When Stone was asked to contribute an article to the
first issue of the \emph{American Mathematical Monthly},
he produced the following far reaching extension of Weierstrass's
theorem.
\begin{theorem}{\bf [The Stone--Weierstrass theorem]}
Consider a compact Hausdorff space $X$. Suppose
that $A$ is a subspace of $C_{\mathbb R}(X)$
with the following properties.
(i) If $f,\,g\in A$ then $f\times g\in A$.
(ii) $1\in A$.
(iii) If $x,\,y\in X$ then we can find an $f\in A$
such that $f(x)\neq f(y)$.
Then $A$ is dense in $(C_{\mathbb R},\|.\|_{\infty})$.
\end{theorem}
(If $A$ is a subspace of $C(X)$ satisfying~(i), we
sometimes say that $A$ is a \emph{subalgebra} of $C(X)$.)
Our proof of the Stone--Weierstrass theorem makes use
of the following fact.
\begin{lemma}\label{L;Taylor for Stone}
We can find $a_{j}\in{\mathbb R}$ such that
\[(1-x)^{1/2}=\sum_{j=0}^{\infty}a_{j}x^{j}\]
for all real $x$ with $|x|<1$.
\end{lemma}
Our version of the Stone--Weierstrass theorem
deals with \emph{real valued} functions.
The following example shows that it will not
apply in the complex case without modification.
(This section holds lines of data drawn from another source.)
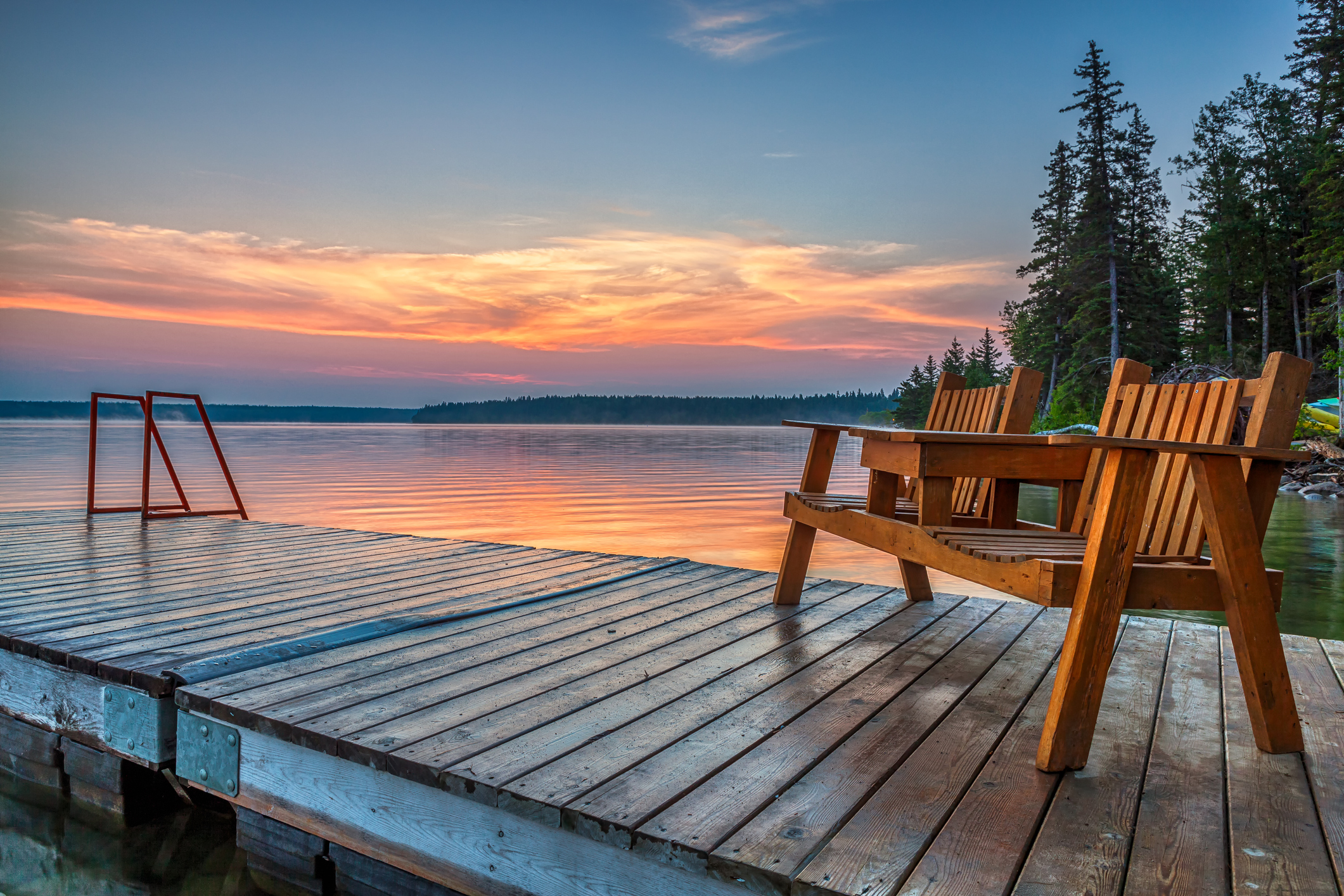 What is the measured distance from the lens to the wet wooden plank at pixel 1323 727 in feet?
5.34

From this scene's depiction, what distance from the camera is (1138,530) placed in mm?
1921

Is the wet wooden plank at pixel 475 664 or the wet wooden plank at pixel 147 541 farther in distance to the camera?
the wet wooden plank at pixel 147 541

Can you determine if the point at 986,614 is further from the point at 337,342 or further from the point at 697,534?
the point at 337,342

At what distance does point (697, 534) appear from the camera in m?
10.0

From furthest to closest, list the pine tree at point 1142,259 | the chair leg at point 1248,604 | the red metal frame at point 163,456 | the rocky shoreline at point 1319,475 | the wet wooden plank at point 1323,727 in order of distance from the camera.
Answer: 1. the pine tree at point 1142,259
2. the rocky shoreline at point 1319,475
3. the red metal frame at point 163,456
4. the chair leg at point 1248,604
5. the wet wooden plank at point 1323,727

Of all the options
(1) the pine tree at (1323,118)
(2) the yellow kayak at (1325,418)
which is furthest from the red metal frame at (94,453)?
(2) the yellow kayak at (1325,418)

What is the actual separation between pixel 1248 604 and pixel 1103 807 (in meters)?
0.75

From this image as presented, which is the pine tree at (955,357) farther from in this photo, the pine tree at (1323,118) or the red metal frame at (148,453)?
the red metal frame at (148,453)

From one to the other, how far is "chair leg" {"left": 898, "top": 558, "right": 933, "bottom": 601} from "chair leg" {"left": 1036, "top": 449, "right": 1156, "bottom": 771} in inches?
64.4

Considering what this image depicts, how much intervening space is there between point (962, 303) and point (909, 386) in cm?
4236

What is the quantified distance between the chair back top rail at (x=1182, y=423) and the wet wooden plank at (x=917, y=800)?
65 centimetres

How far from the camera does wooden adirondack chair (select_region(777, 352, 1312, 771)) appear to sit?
1898 mm

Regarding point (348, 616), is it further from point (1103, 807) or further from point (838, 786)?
point (1103, 807)

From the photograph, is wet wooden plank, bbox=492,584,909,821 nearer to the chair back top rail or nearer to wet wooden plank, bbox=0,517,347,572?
the chair back top rail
\begin{example} We work in the complex plane ${\mathbb C}$.
Let
\[\bar{D}=\{z\in{\mathbb C}\,:\,|z|\leq 1\}
\ \text{and}
\ D=\{z\in{\mathbb C}\,:\,|z|<1\}.\]
We write $A(\bar{D})$ for the set of $f\in C(\bar{D})$
such that $f$ is analytic on $D$. Then
$A(\bar{D})$ is a subspace of $C_{\mathbb C}(\bar{D})$
with the following properties.
(i) If $f,\,g\in A(\bar{D})$ then $f\times g\in A$.
(ii) $1\in A(\bar{D})$.
(iii) If $z,\,w\in \bar{D}$ then we can find an $f\in A(\bar{D})$
such that $f(z)\neq f(w)$.
However, $A(\bar{D})$ is not uniformly dense in $C(\bar{D})$.
\end{example}
Instead we produce the following variation.
\begin{theorem}{\bf [The complex Stone--Weierstrass theorem]}
Consider a compact Hausdorff space $X$. Suppose
that $A$ is a subspace of $C_{\mathbb C}(X)$
with the following properties.
(i) If $f,\,g\in A$, then $f\times g\in A$.
(ii) $1\in A$.
(iii) If $x,\,y\in X$, then we can find an $f\in A$
such that $f(x)\neq f(y)$.
(iv) If $f\in A$, then its complex conjugate $f^{*}\in A$.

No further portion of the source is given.